-- PROVIDED RECORDS follows --

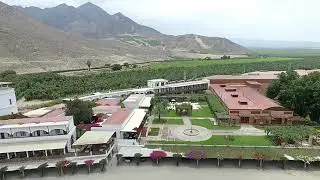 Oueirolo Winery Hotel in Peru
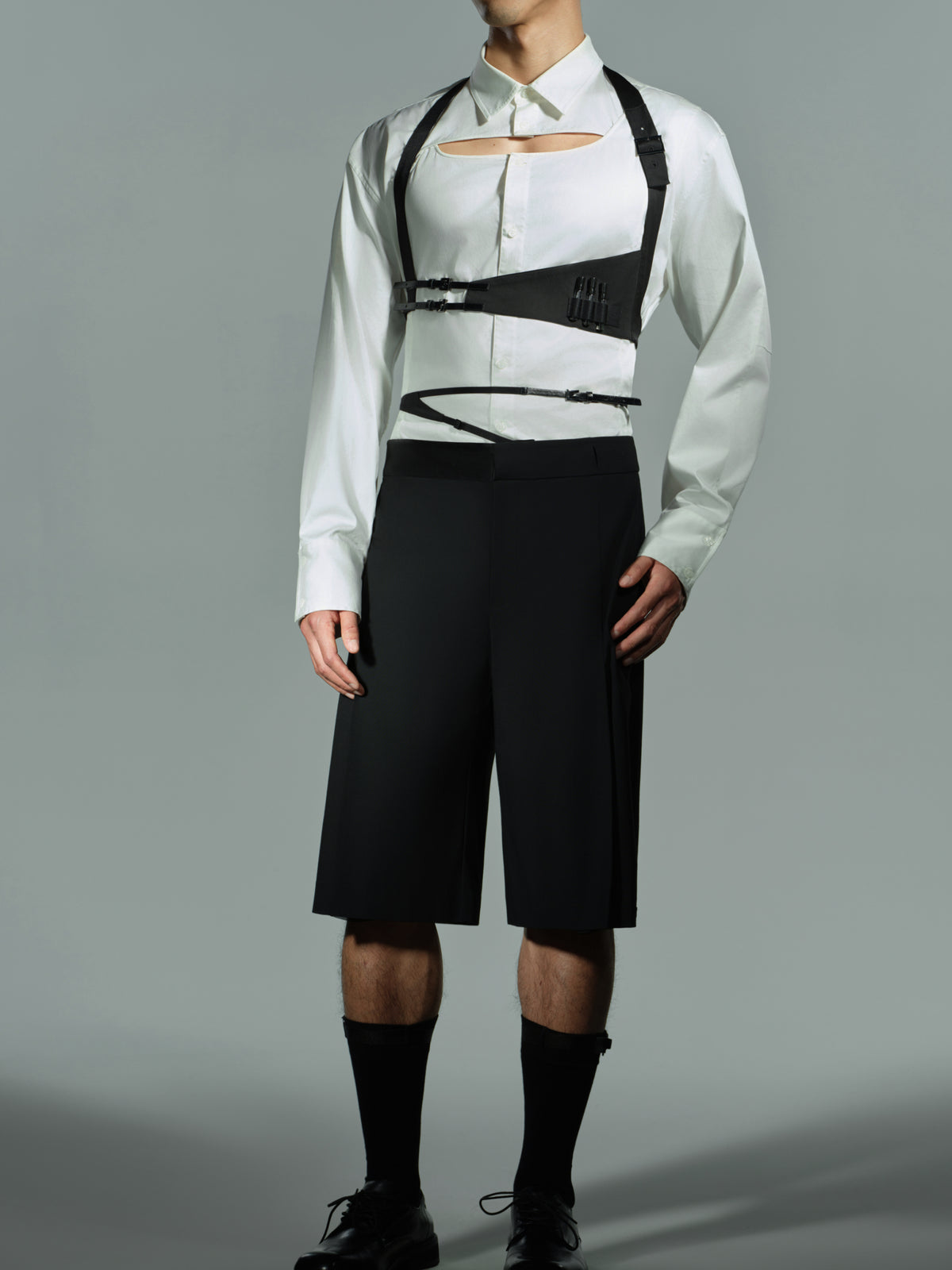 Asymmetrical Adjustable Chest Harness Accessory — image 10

-- PROVIDED RECORDS concluded --
-- PROVIDED RECORDS follows --

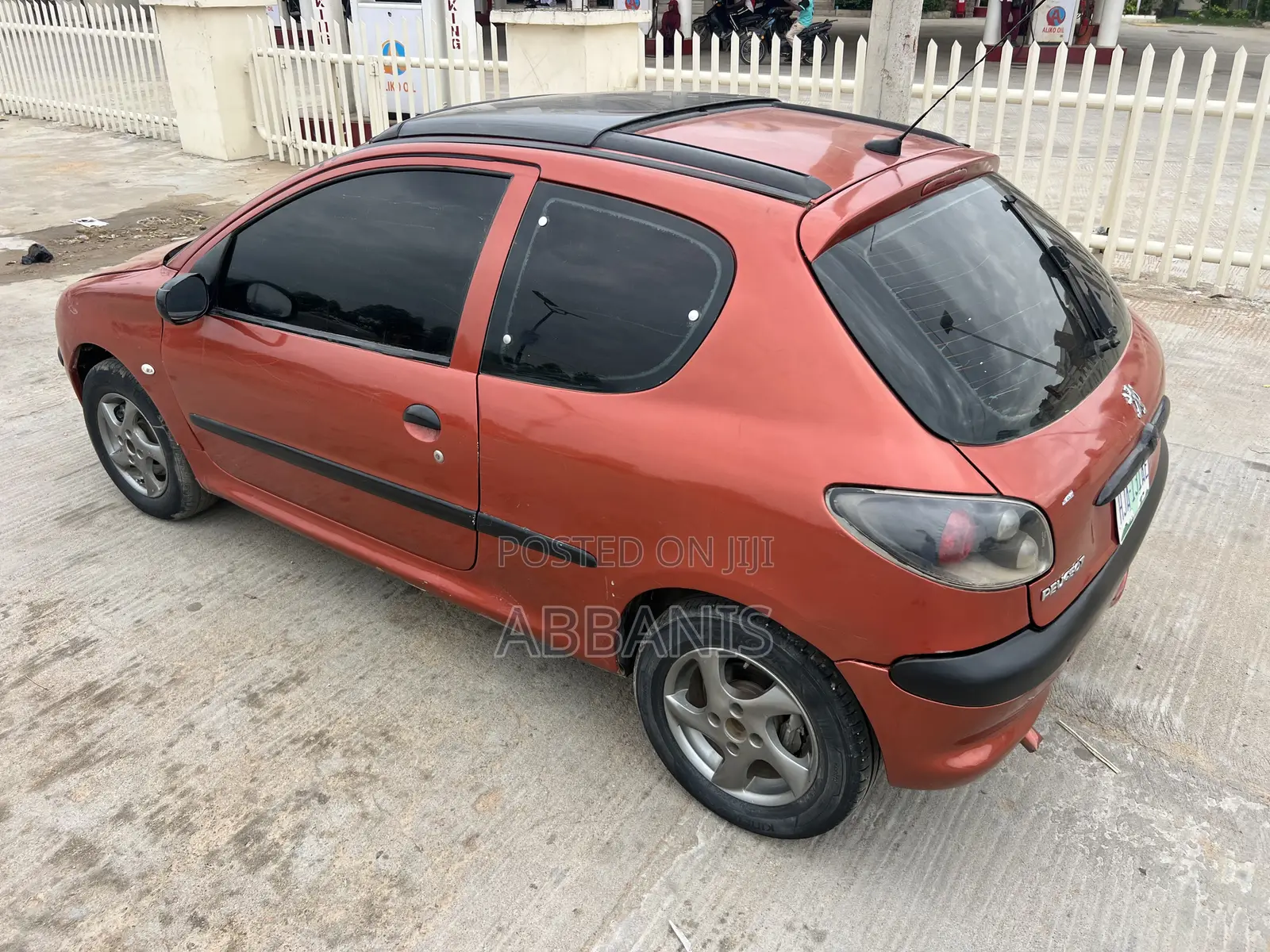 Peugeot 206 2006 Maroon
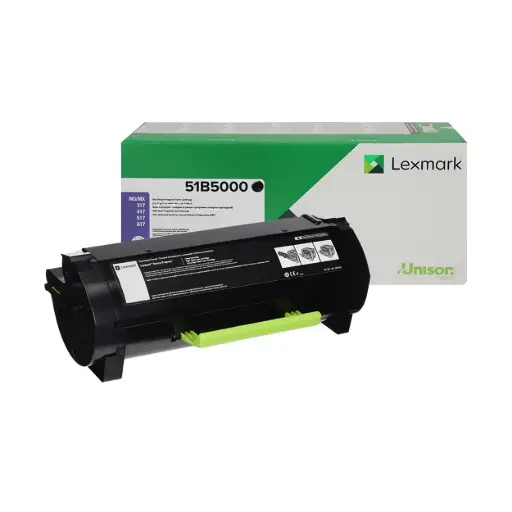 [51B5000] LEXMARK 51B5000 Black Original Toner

-- PROVIDED RECORDS concluded --
-- PROVIDED RECORDS follows --

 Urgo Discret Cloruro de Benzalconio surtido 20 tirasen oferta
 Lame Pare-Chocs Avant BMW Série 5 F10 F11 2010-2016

-- PROVIDED RECORDS concluded --

Reprint exactly the lines above that start at the one with "Urgo Discret Cloruro" and end at the one with "Lame Pare-Chocs Avant", keeping both and adding none.

 Urgo Discret Cloruro de Benzalconio surtido 20 tirasen oferta
 Lame Pare-Chocs Avant BMW Série 5 F10 F11 2010-2016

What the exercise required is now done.